> [Excerpted data]:
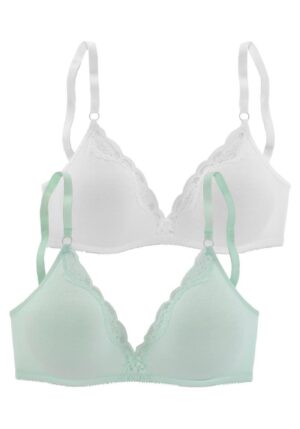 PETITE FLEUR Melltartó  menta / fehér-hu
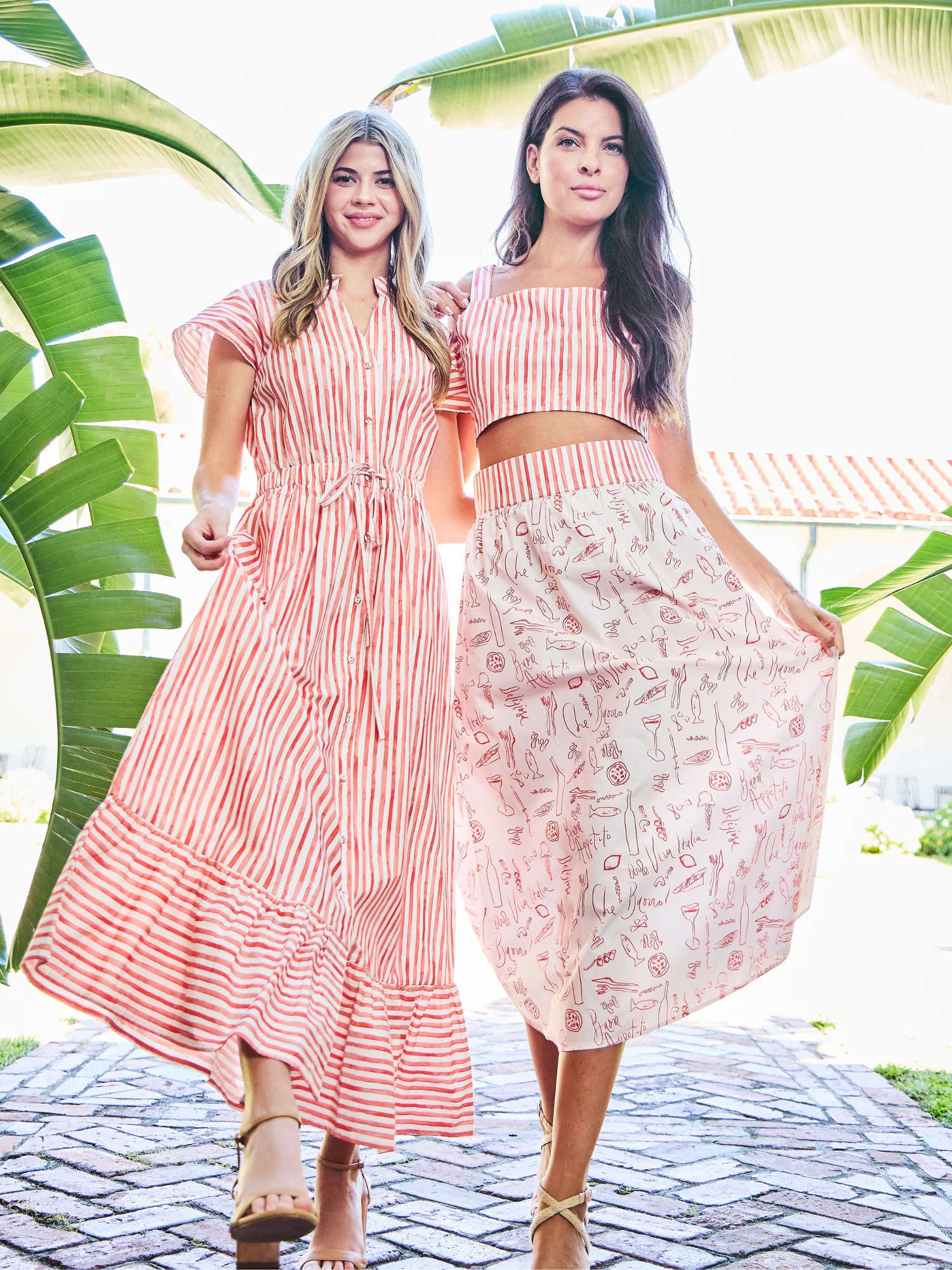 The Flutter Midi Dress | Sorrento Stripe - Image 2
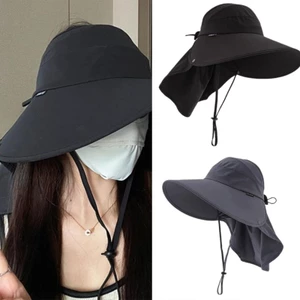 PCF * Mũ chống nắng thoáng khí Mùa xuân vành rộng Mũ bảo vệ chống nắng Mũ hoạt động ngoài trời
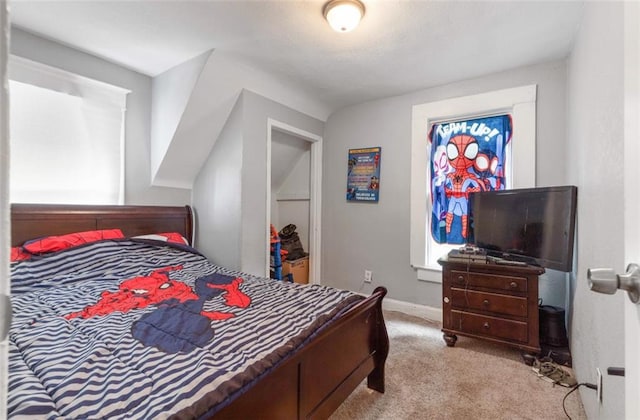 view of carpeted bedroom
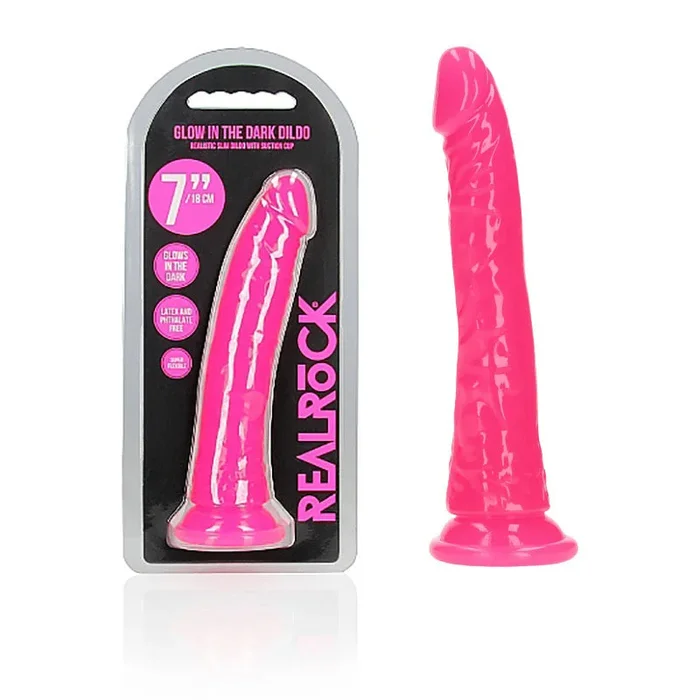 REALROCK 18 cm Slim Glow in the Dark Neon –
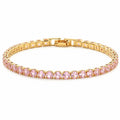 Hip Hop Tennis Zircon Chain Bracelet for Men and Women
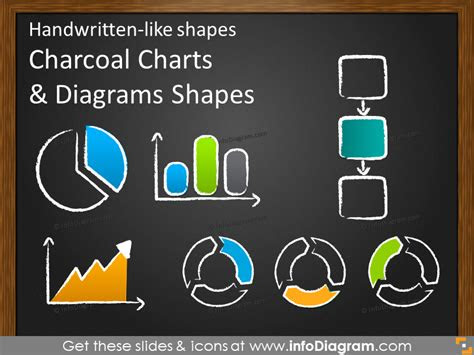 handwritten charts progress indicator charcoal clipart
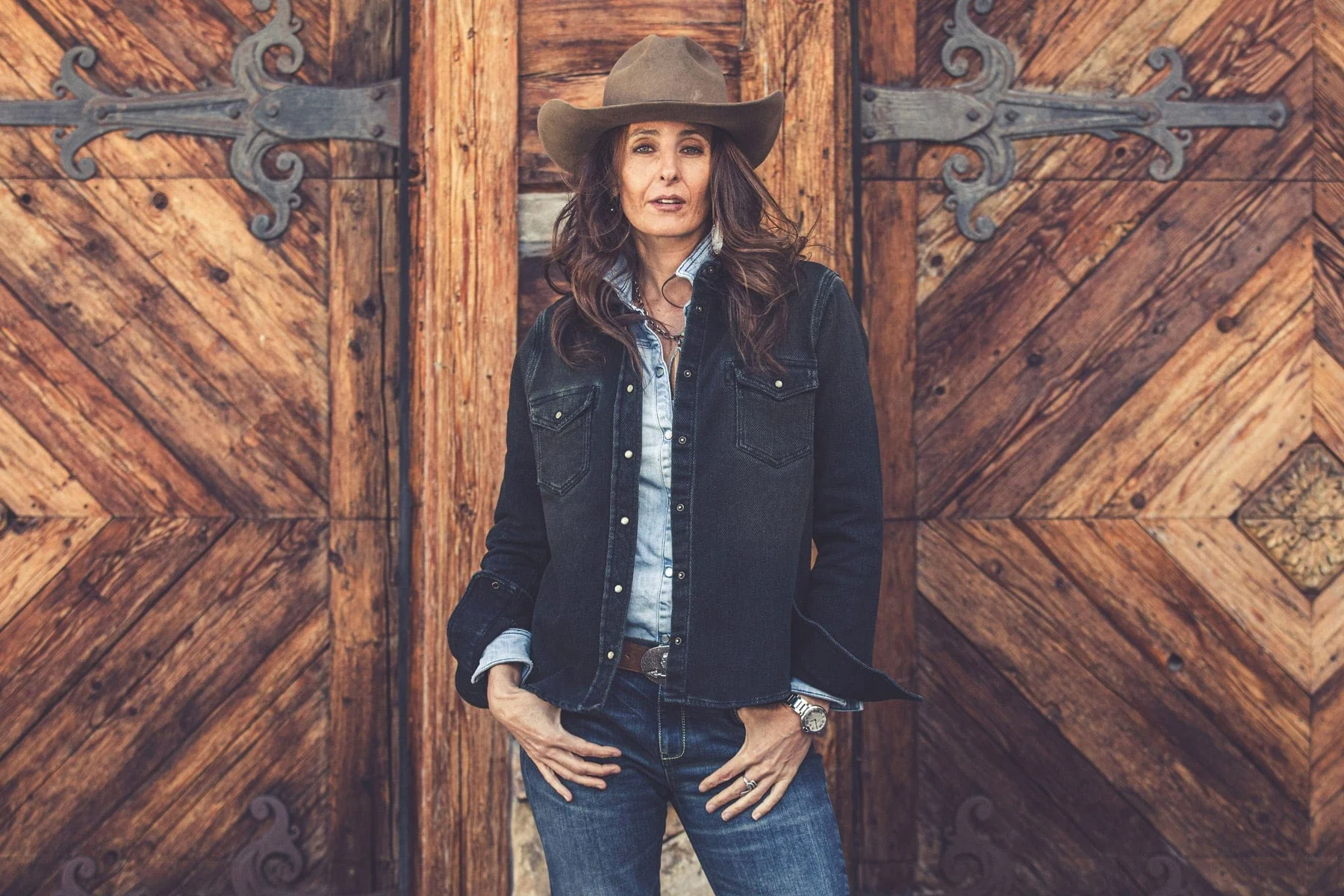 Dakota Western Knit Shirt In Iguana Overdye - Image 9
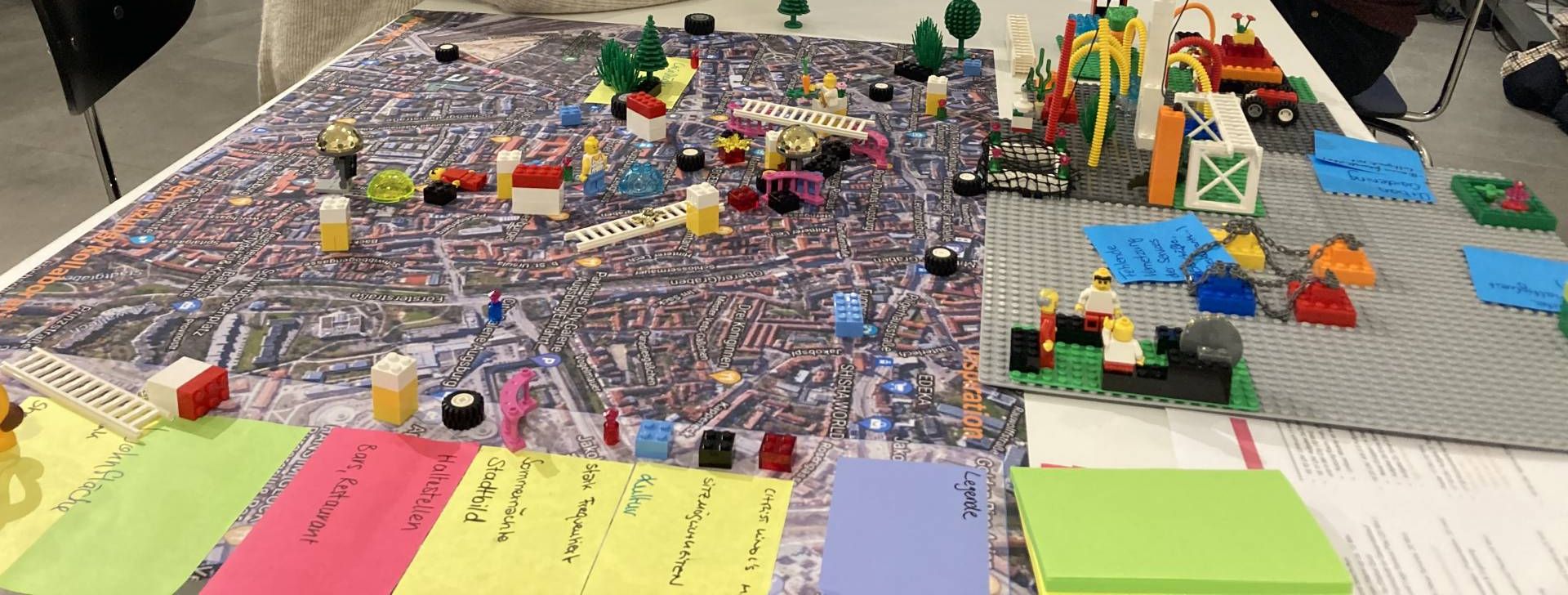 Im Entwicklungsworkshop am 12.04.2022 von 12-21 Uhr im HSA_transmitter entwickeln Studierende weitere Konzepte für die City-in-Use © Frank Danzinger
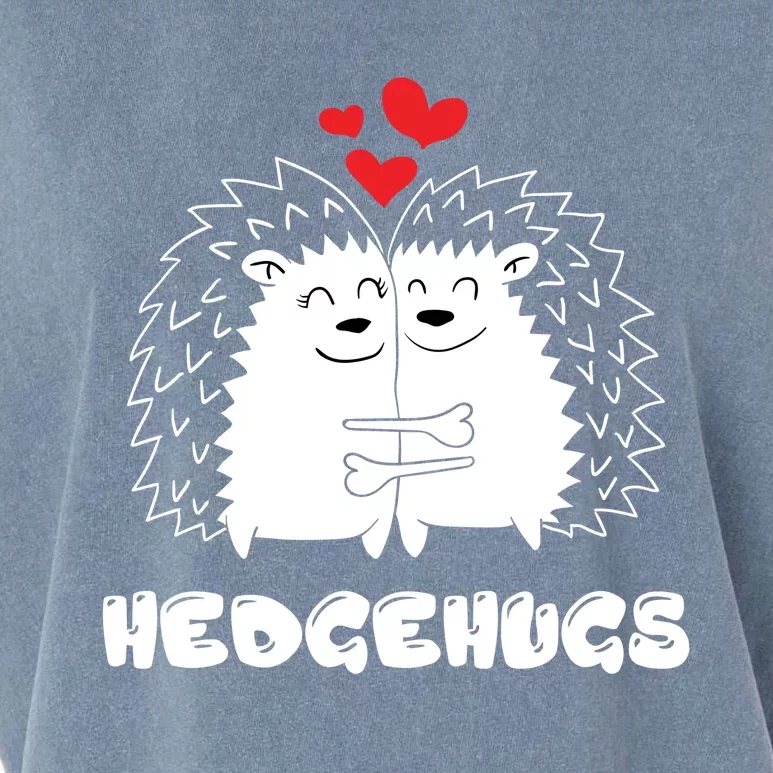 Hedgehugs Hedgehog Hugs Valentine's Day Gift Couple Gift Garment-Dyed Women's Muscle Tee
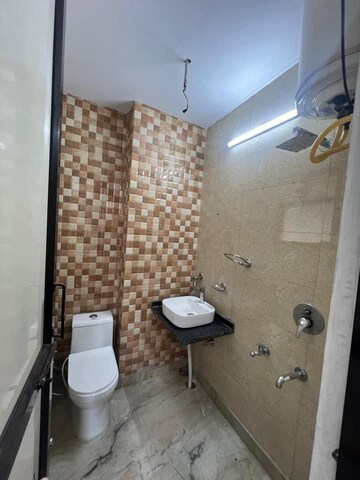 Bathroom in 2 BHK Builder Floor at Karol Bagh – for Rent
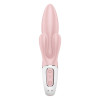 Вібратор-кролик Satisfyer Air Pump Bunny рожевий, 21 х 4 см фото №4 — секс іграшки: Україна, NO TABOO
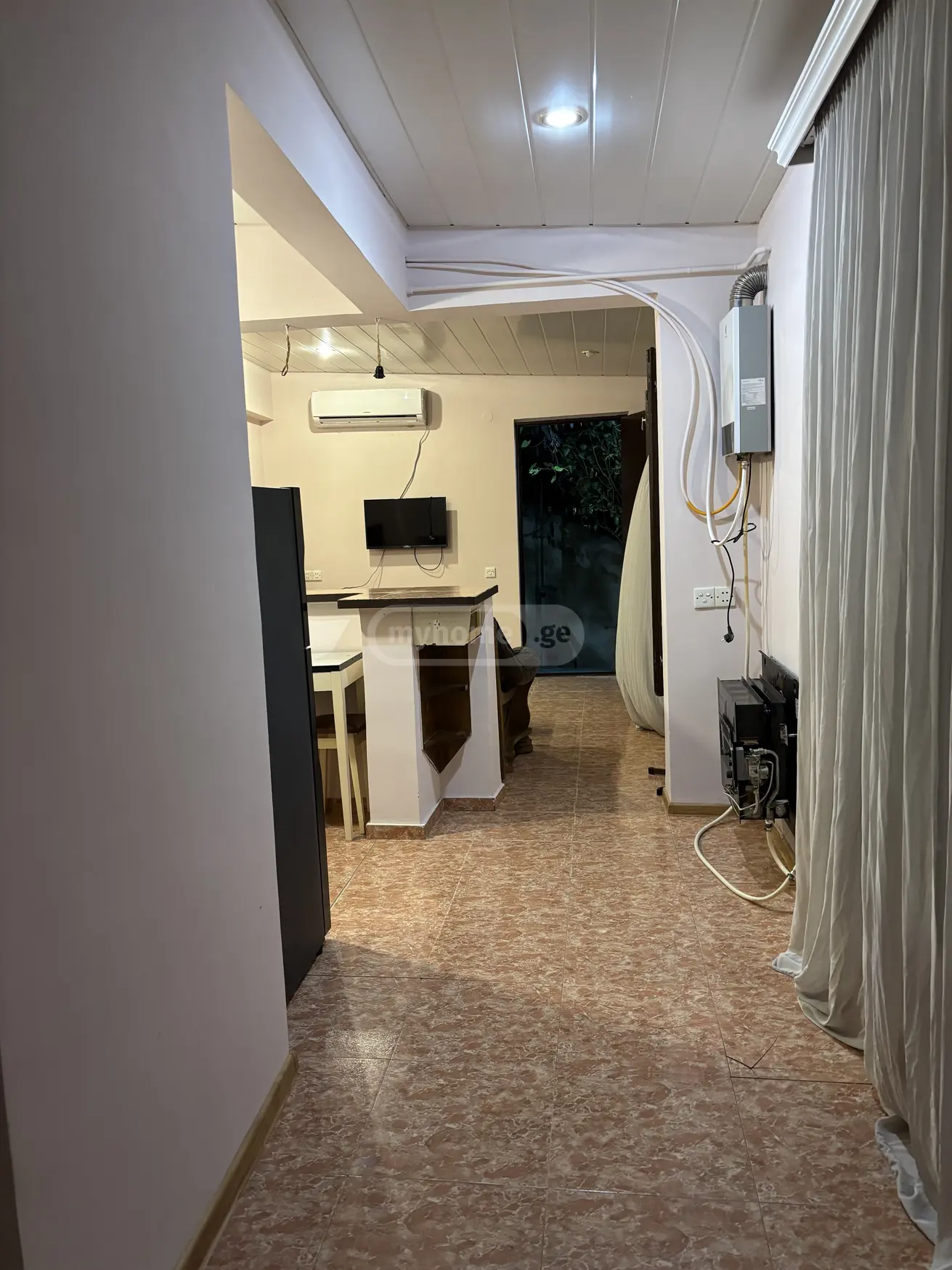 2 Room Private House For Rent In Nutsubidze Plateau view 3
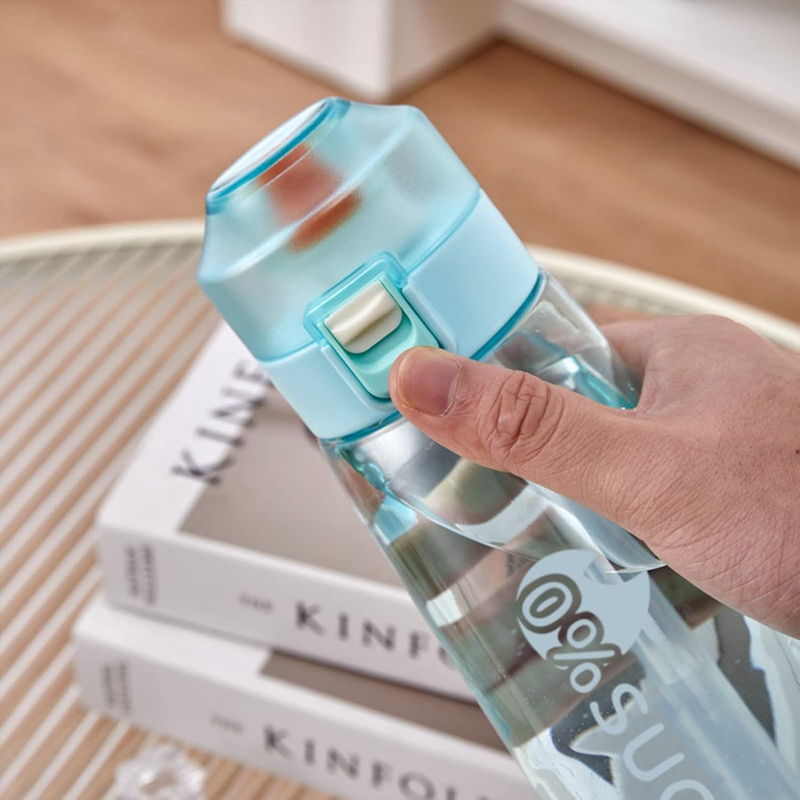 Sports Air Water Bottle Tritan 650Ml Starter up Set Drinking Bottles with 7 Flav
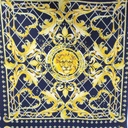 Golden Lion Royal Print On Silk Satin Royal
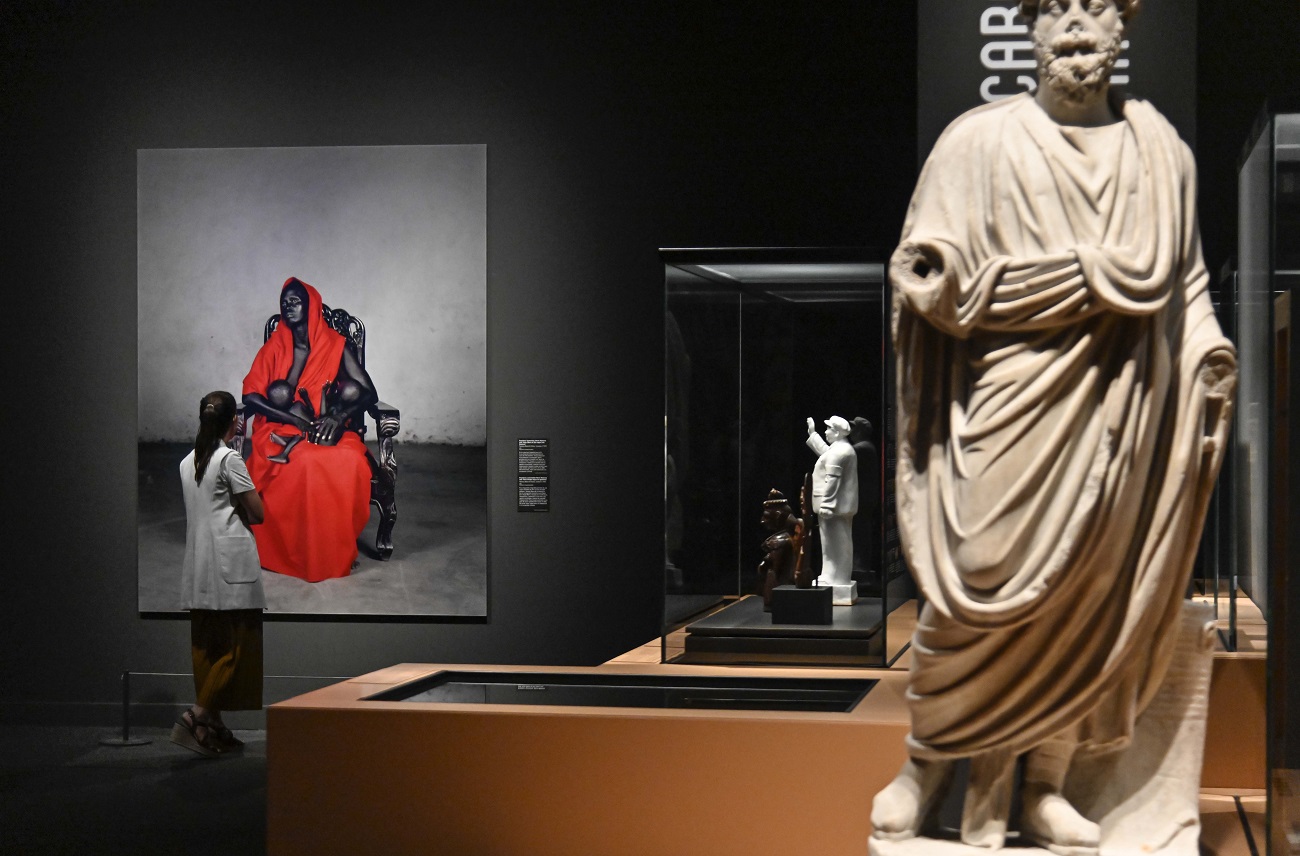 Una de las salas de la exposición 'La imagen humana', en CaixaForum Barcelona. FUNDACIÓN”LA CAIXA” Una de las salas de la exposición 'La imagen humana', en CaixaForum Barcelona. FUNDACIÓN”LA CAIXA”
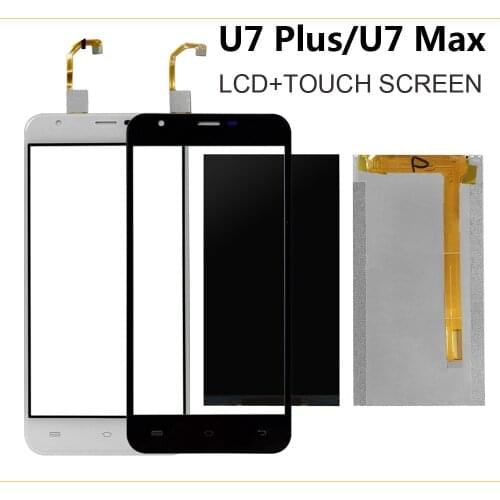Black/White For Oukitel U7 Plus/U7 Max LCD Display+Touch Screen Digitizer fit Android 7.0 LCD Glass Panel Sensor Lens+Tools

> [Work to be completed]: Give back exactly the lines above that run from the one with "view of carpeted bedroom" to the one with "Bathroom in 2", including both, with the pictures left out.

> [Response area]:
 view of carpeted bedroom
 REALROCK 18 cm Slim Glow in the Dark Neon –
 Hip Hop Tennis Zircon Chain Bracelet for Men and Women
 handwritten charts progress indicator charcoal clipart
 Dakota Western Knit Shirt In Iguana Overdye - Image 9
 Im Entwicklungsworkshop am 12.04.2022 von 12-21 Uhr im HSA_transmitter entwickeln Studierende weitere Konzepte für die City-in-Use © Frank Danzinger
 Hedgehugs Hedgehog Hugs Valentine's Day Gift Couple Gift Garment-Dyed Women's Muscle Tee
 Bathroom in 2 BHK Builder Floor at Karol Bagh – for Rent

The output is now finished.